**YOUR ASSIGNMENT**:
Your response should be an exact reproduction of the data below, beginning at the line containing "Rare Beauty Soft" and ending with the final line.

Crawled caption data
::::
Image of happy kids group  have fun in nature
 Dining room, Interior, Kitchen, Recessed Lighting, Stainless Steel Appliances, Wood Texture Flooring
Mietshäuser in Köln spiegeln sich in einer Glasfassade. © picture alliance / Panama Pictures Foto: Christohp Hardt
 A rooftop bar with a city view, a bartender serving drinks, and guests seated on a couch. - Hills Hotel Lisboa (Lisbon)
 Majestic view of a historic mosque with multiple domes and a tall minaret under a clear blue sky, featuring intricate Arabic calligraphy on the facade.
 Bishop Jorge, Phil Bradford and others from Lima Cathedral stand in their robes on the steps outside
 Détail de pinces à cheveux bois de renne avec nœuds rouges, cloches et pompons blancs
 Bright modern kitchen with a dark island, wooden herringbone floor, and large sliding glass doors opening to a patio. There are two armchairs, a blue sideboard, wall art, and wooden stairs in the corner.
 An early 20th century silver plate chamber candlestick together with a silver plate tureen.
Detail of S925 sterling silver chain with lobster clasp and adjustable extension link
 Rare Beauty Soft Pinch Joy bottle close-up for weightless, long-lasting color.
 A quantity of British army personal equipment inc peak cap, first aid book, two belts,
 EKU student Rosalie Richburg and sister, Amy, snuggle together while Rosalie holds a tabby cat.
::::
**WRITTEN REPLY**:
 Rare Beauty Soft Pinch Joy bottle close-up for weightless, long-lasting color.
 A quantity of British army personal equipment inc peak cap, first aid book, two belts,
 EKU student Rosalie Richburg and sister, Amy, snuggle together while Rosalie holds a tabby cat.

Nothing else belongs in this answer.